Всегда говори «всегда» – 2 — страница 38 из 51


Через час он стремительными шагами шел по больничному коридору. Как в тумане остановился возле дежурного поста, спросил у испуганной медсестрички с серыми глазами:

– В какой палате лежит Кравцов? Дмитрий Кравцов.

– В семнадцатой. – Сестричка явно хотела спросить, кто он такой и почему без халата, но не успела.

Сергей уже открывал дверь семнадцатой палаты.

Там лежал только один пациент – худой, в корсете, но с восторженным взглядом. Восторженность сразу потухла, едва он увидел Барышева.

– Дмитрий? – спросил Сергей.

– Да… А вы, простите… кто? – Кравцов подтянулся на перекладине, сел и с вызовом посмотрел на Сергея.

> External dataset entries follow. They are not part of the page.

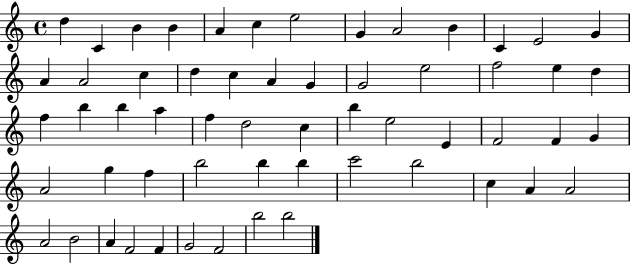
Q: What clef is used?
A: treble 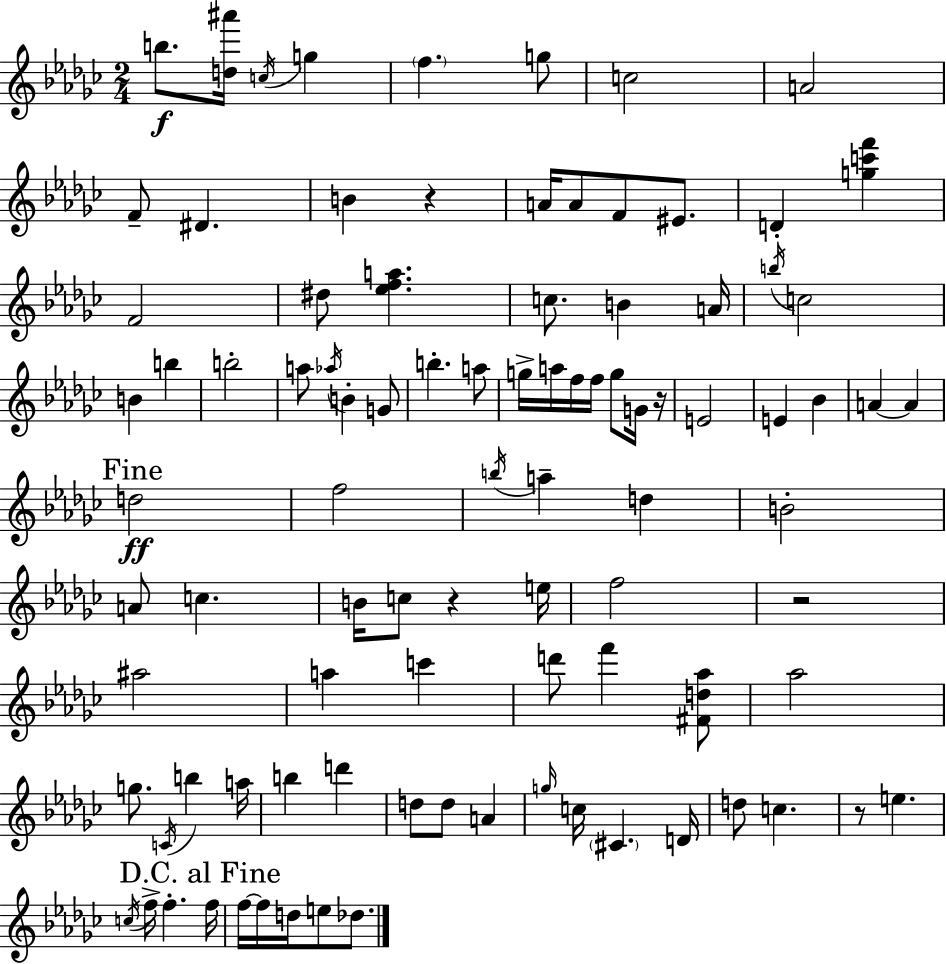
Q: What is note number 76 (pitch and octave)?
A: E5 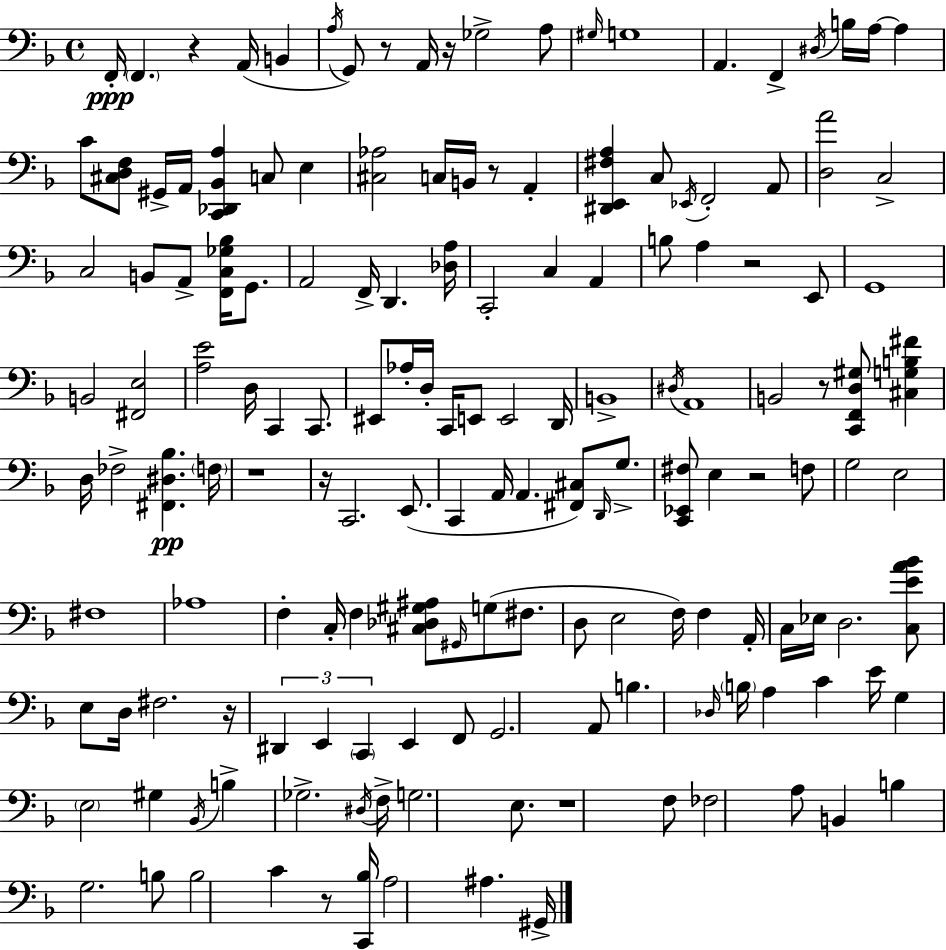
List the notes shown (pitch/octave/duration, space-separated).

F2/s F2/q. R/q A2/s B2/q A3/s G2/e R/e A2/s R/s Gb3/h A3/e G#3/s G3/w A2/q. F2/q D#3/s B3/s A3/s A3/q C4/e [C#3,D3,F3]/e G#2/s A2/s [C2,Db2,Bb2,A3]/q C3/e E3/q [C#3,Ab3]/h C3/s B2/s R/e A2/q [D#2,E2,F#3,A3]/q C3/e Eb2/s F2/h A2/e [D3,A4]/h C3/h C3/h B2/e A2/e [F2,C3,Gb3,Bb3]/s G2/e. A2/h F2/s D2/q. [Db3,A3]/s C2/h C3/q A2/q B3/e A3/q R/h E2/e G2/w B2/h [F#2,E3]/h [A3,E4]/h D3/s C2/q C2/e. EIS2/e Ab3/s D3/s C2/s E2/e E2/h D2/s B2/w D#3/s A2/w B2/h R/e [C2,F2,D3,G#3]/e [C#3,G3,B3,F#4]/q D3/s FES3/h [F#2,D#3,Bb3]/q. F3/s R/w R/s C2/h. E2/e. C2/q A2/s A2/q. [F#2,C#3]/e D2/s G3/e. [C2,Eb2,F#3]/e E3/q R/h F3/e G3/h E3/h F#3/w Ab3/w F3/q C3/s F3/q [C#3,Db3,G#3,A#3]/e G#2/s G3/e F#3/e. D3/e E3/h F3/s F3/q A2/s C3/s Eb3/s D3/h. [C3,E4,A4,Bb4]/e E3/e D3/s F#3/h. R/s D#2/q E2/q C2/q E2/q F2/e G2/h. A2/e B3/q. Db3/s B3/s A3/q C4/q E4/s G3/q E3/h G#3/q Bb2/s B3/q Gb3/h. D#3/s F3/s G3/h. E3/e. R/w F3/e FES3/h A3/e B2/q B3/q G3/h. B3/e B3/h C4/q R/e [C2,Bb3]/s A3/h A#3/q. G#2/s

Барышев плотно закрыл за собой дверь.

– Хороший вопрос, – усмехнулся он. – Но у меня вопрос еще лучше. Кто вы? И какое отношение к вам имеет моя жена?


Митяй не помнил дословно этого разговора, вернее, не разговора – перепалки, почти драки, – если бы не корсет, он задушил бы этого Барышева. Митяй даже бросился на него, но Барышев легко поставил блок правой рукой, не дав к себе прикоснуться, развернулся и вышел, громко хлопнув дверью. Словно в морду дал, при этом даже пальцем его не тронув…

Очнулся Митяй, когда Люда забежала в палату.

– С вами все в порядке? – бросилась она к нему. – Вы так кричали, Дмитрий Иванович… вам же нельзя волноваться. Что за люди, в самом деле! Приходят в лечебное учреждение и ведут себя как дикари!.. Пускать таких нельзя!

Митяй поймал ее за руки, которыми Люда по обыкновению возмущенно размахивала, и посмотрел в серые, готовые заплакать глаза.

– Вон какой вы бледный. Давайте я вам давление измерю…

– Это ее муж… муж…

Митяй уткнулся Люде в живот, потому что некуда было больше уткнуться и некому рассказать о том ужасе, который сидел у него внутри.

– Она замужем, понимаешь? И у нее есть от него ребенок… Ольга замужем… и это ее муж…

Он зарыдал в этот белый халат, в этот теплый живот, потому что не зарыдать не мог. Последний раз он так рыдал в десять лет, когда на машине разбился отец… Казалось, жизнь после смерти отца кончилась, как кончилась она и сейчас, когда у Ольги объявился такой муж…

Не урод. Не нищий. Не алкоголик… И даже не с перебитым, как у него, позвоночником.

Всем мужьям муж – мечта любой бабы, принц на «мерсе»…

– Что, что вы ему сказали, Дмитрий Иванович? Что вы ему сказали?! – Люда судорожно гладила его по голове, по плечам, по рукам, которые стискивали ее до боли.

– Что есть, то и сказал… Я ее люблю, понимаешь? Всю жизнь люблю… и она… Она же меня не бросила! Она же меня такого вот не бросила, значит… Она меня любит… любит…

Как тогда, в десять лет, на похоронах – он жив… жив… жив…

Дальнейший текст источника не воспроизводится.